Literature in the Wake of the ‘Two Cultures’ Debate

Literature in the Wake of the ‘Two Cultures’ Debate is a literary-historical research project that makes a significant contribution to knowledge in the fields of literary and cultural studies with a particular focus on ‘genre fiction’ and the role of ‘science’ in the cultural imaginary.

The project investigates an ideological shift in the cultural reception of science and the arts that took place over the course of one pivotal decade in British history. On May 7, 1959, the scientist-turned-novelist C.P. Snow delivered the annual Reid Lecture at the University of Cambridge in which he lamented the division of intellectual life into ‘two cultures’, the arts and sciences.

[1] His lecture generated widespread discussion until February 1962, when the literary critic F.R. Leavis challenged Snow’s thesis in another Cambridge lecture.

[2] What this brief outline does not convey is the polemical intensity that so charged the controversy.

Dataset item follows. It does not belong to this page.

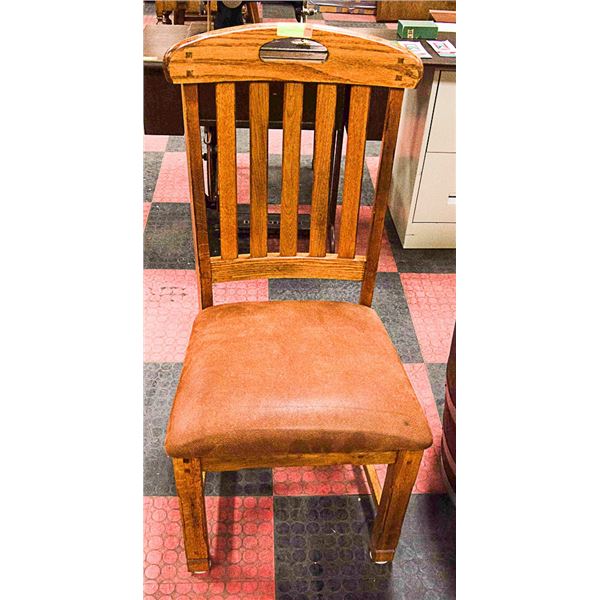 WOOD CHAIR WITH LEATHER STYLE SEAT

This project seeks to explain British cultural politics in the wake of the ‘two cultures’ debate by investigating the ways in which literary authors responded to the challenge to traditional disciplinary boundaries initiated by Snow. In particular, British literature from 1958 to 1969 displays the conflicting ideologies, both elitist and egalitarian, in ways that problematise assumptions about the social function of science and the arts. Rather than reading ‘science’ or ‘the arts’ as stable entities, frozen in one moment in time, this project investigates the ways in which the literature of the period registers and shapes the shifting associations of those domains. Indeed, it poses fundamental questions concerning power in British society and the ways in which the discourse of science has influenced questions of war and peace, nation and empire, gender and sexuality, class, and political allegiance.